A torsion bar suspension, also known as a torsion spring suspension (not to be confused with a torsion beam rear suspension), is a general term for any vehicle suspension that uses a torsion bar as its main weight-bearing spring. One end of a long metal bar is attached firmly to the vehicle chassis; the opposite end terminates in a lever, the torsion key, mounted perpendicular to the bar, that is attached to a suspension arm, a spindle, or the axle. Vertical motion of the wheel causes the bar to twist around its axis and is resisted by the bar's torsion resistance. The effective spring rate of the bar is determined by its length, cross section, shape, material, and manufacturing process.

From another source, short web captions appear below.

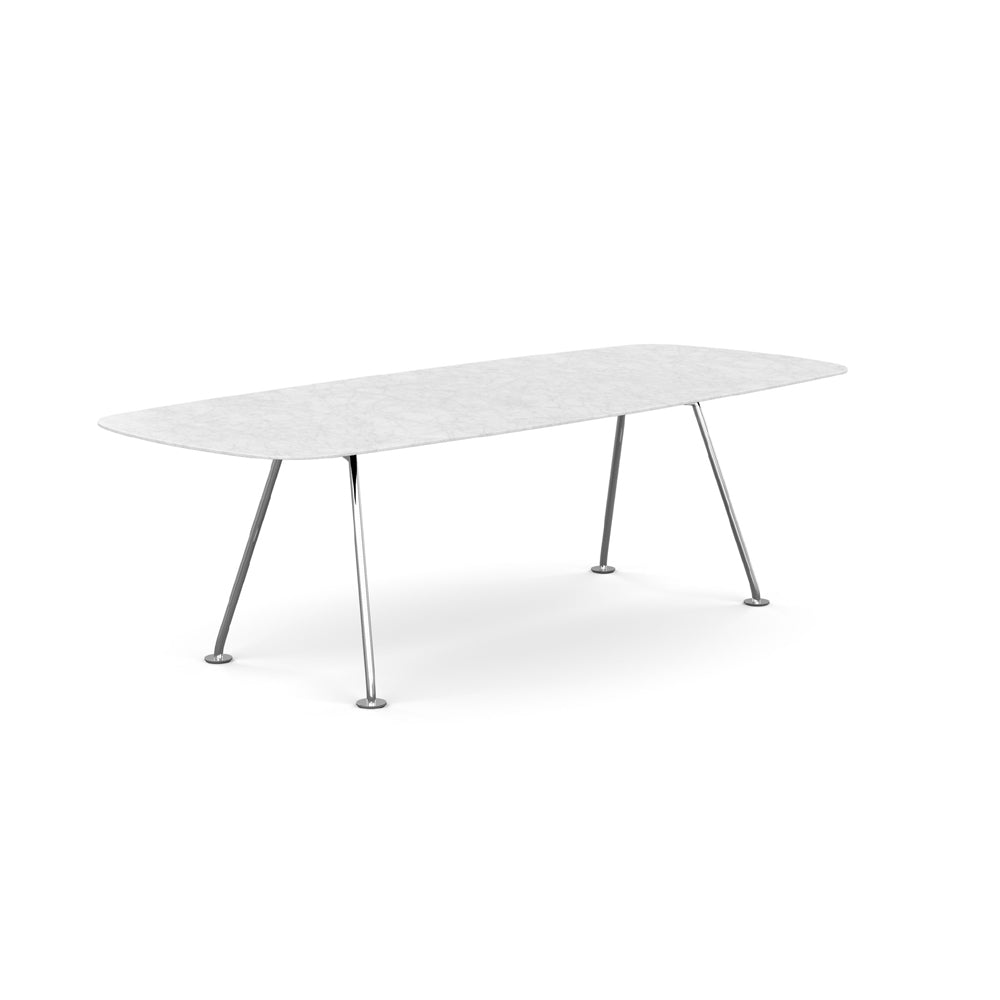 Grasshopper Dining Table - Rectangular Dining Tables Knoll 94-1/2" Wide Polished Chrome Carrara marble - Satin finish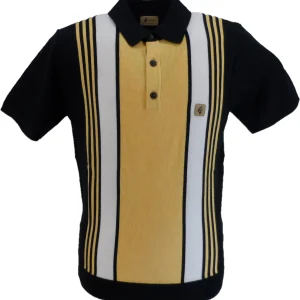 Gabicci Mens Navy Searle Stripe Knitted Polo Shirt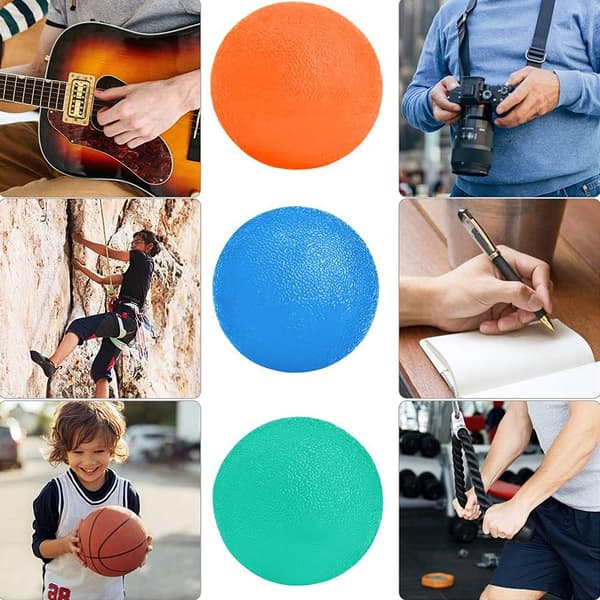 Sæt med 3 håndterapikugler til finger- og håndledstræning - orange + blå + grøn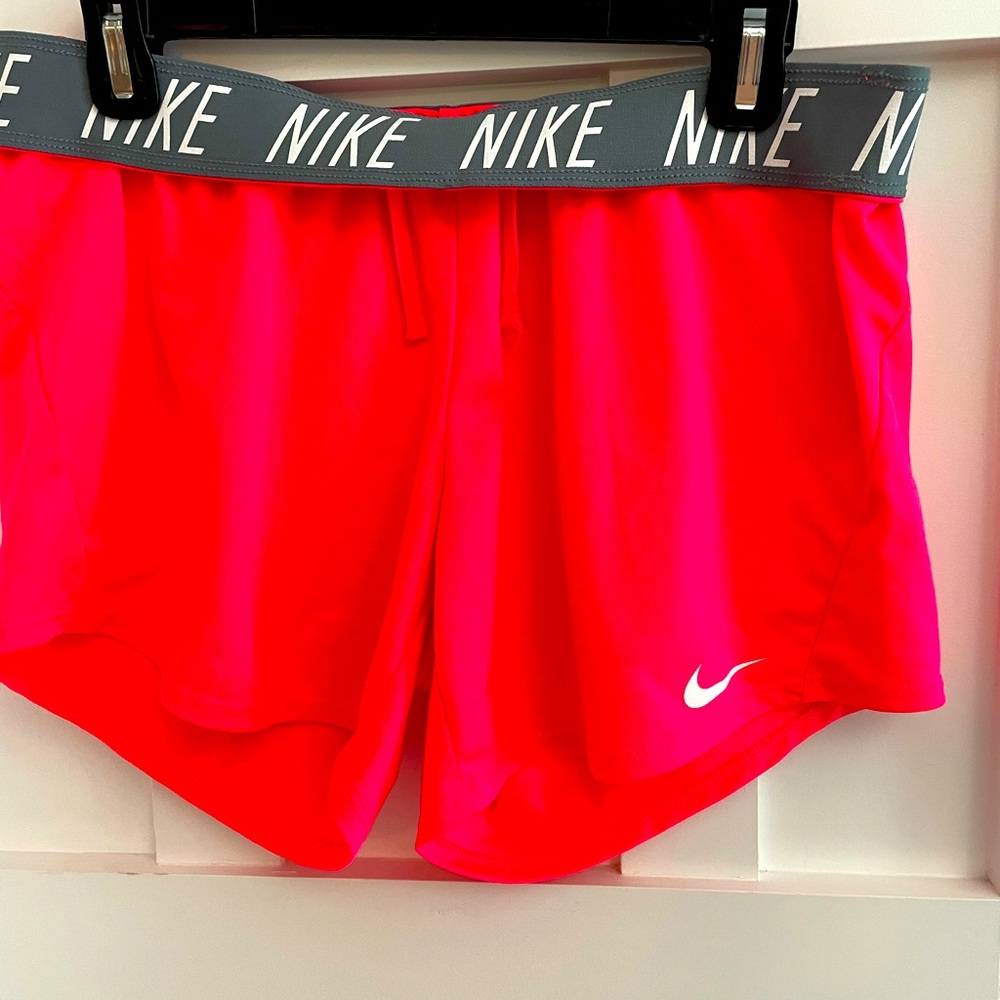 Nike Dri Fit Shorts in hot pink, Size S. Drawstring waistband in grey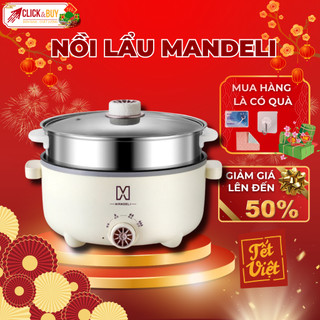  Nồi Lẩu Điện Đa Năng MANDELI 2 Tầng Size 28cm Dung Tích 3.5L Công suất 1000W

Torsion bar suspensions are used on combat vehicles and tanks like the T-72, Leopard 1, Leopard 2, M26 Pershing, M18 Hellcat, and the M1 Abrams (many tanks from World War II used this suspension), and on modern trucks and SUVs from Ford, Chrysler, GM, Mitsubishi, Mazda, Nissan, Isuzu and Toyota. Manufacturers change the torsion bar or key to adjust the ride height, usually to compensate for engine weight. While the ride height may be adjusted by turning the adjuster bolts on the stock torsion key, rotating the stock key too far can bend the adjusting bolt and place the shock piston outside its standard travel. Over-rotating the torsion bars can also cause the suspension to hit the bump-stop prematurely, causing a harsh ride. Aftermarket forged-metal torsion key kits use relocked adjuster keys to prevent over-rotation, and shock brackets to keep the piston travel in the stock range.